You sell a wide range of things, including sweatshirts with the design of the wall at the Muzeum Metro station and tote bags with the tower of the castle in Český Krumlov. What are your biggest sellers when it comes to Czech-related products?
“Well, I have just started creating that collection, so for now I would say the Metro wall – that’s the most popular one.”
And of the Metro ones, what items are selling the most? You have so many different products, from t-shirts to stickers.
“The one that people are buying the most is iPhone covers – the plastic cover that protects an iPhone.”
Some of the subjects in your images seem a little obscure. For example, why are you selling phone cases with an image of the Astoria hotel in Karlovy Vary, which isn’t even one of the best-known hotels in Karlovy Vary? How did you choose that particular subject, for example?

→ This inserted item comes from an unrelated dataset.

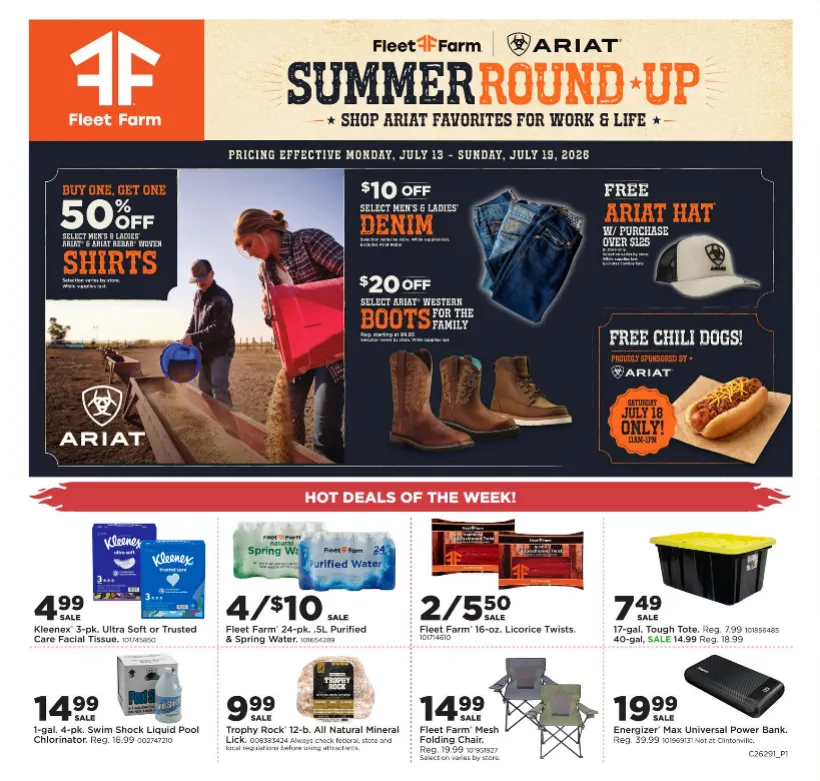 Weekly ad Fleet Farm Sales from July 13 to July 19 2026 - Page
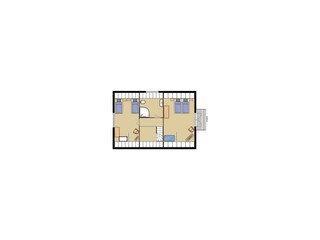 Villa De Cocksdorp Pianta del piano 22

“When I visited that place what I liked the most was the facades – just looking at the facades straight on.
“I studied architecture. I work here as a 3D artist but I think because I’m an architect I’m always looking at them in that way of classical drawings, where you just draw a facade straight on; not in a three-dimensional way but more in a 2D way.
“So I liked photographing the facades of that place. It just caught my eye.
“They had beautiful decoration. They were all of a similar style so I tried to take photos of several facades.”
On the Czech internet recently there has been lots of interest in your designs based on the wall at Muzeum Metro station. Are there any copyright issues surrounding that? Can you just take a photo of the wall and then produce it, as you’ve done?
“Yes, I think it’s OK, because the photograph belongs to me.
“I took the photograph so I am just selling a photograph that I took.
“It applies the same as a photograph that you sell as a souvenir of the Castle or of the main square.
“Yes, the place was built and designed by a certain architect, a certain designer. But you took the photograph.
“So as long as the photograph is yours, I think that’s OK.”
I understand why people responded so much to that image of the Muzeum Metro station wall, because it is such a powerful, kind of iconic, image of Prague. What for you makes it such an attractive subject?
“I have been to that station several times and every time I go I stop and try to take as many photographs of it as I can.
“I found it very unique, from the stations that I’ve been to in Europe.
“And I really like that mid-century, geometrical design – it’s a bit like Op Art.
“So I really wanted to include it when I was doing the Czech Republic collection.
“That’s the one I liked the most, with those tones – the red tones.
“I’ve been to the others but that was my favourite one of stations on Line A with the panels.”